Je fronçai des sourcils mais n'eus pas le temps de questionner l'usage du mot « supposée ». Inaaya se jetta à corps perdu dans la conversation.
— Aël aussi a été agressé.e en début de soirée ! C'est peut-être la même personne, ou alors un binôme de psychopathes !
— D'accord Mademoiselle, heu... ? l'inspecteur Baschet laissa volontairement sa phrase en suspens.
— Inaaya Mas'ooda.
— Bien. Je disais donc, laissez-nous tirer les conclusions. Contentez-vous juste de nous relater les faits.
— S'il vous plaît, Mademoiselle, ajouta gentiment Raymond pour rattraper le ton antipathique de son coéquipier.
Je tendis la main vers ma petite chérie. Lèvres pincées, elle m'imita et attrapa mes doigts avant de venir se blottir contre moi. J'enroulai le bras autour de ses épaules et lui témoignai mon soutien après cette douche froide totalement gratuite.
— Comme vous l'a dit Inaaya, j'ai été la cible d'un détraqué en début de soirée. Heureusement, elle s'est montrée assez réactive pour le mettre en fuite avec son kit anti agression.
Mes yeux tinrent fermement cet inspecteur Baschet. Il haussa un sourcil perplexe en réponse.
Ina était de deux ans ma cadette, je la considérais comme ma petite sœur et n'appréciais donc pas qu'on la ridiculise. Elle pouvait se montrer un peu trop spontanée, certes. Mais ses intentions s'avéraient toujours des plus louables.
— Vous rappelez-vous l'heure approximative de votre agression ? enchaîna le blond.
— Dix-neuf heures quarante-cinq environ. C'est ça, Ina ? C'était quelques minutes avant que l'hôpital m'appelle pour m'annoncer que mon père était aux Urgences.
— Oui, je crois, et Aël a été blessé.e. L'homme l'a aggrippé.e par le bras, on ne sait pas ce qu'il a pu utiliser mais ça lui a causé une brûlure au second degré.
— Vous en avez la preuve ? lança Baschet.

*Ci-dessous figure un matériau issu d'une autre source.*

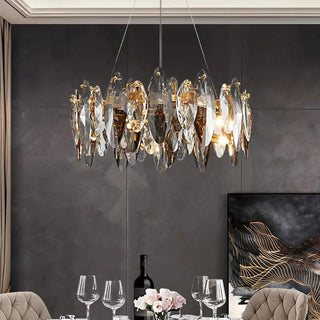 Riley Luxury Chandelier Collection Modern  Luxury Gold Frame Light Fitting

Il commençait sérieusement à me courir sur le haricot, celui-là. Je me décollai pourtant d'Inaaya sans faire d'histoire et abaissai le pan de mon sweat-shirt. Dénudant mon épaule couverte de taches de rousseur, je soulevai la compresse accrochée à mon bras. Ma blessure dégoûtante se révéla à leurs regards sceptiques. L'inspecteur Raymond rangea son carnet de notes et approcha en sortant son téléphone.
— Puis-je ?
D'un hochement de tête, je l'autorisai à prendre un cliché.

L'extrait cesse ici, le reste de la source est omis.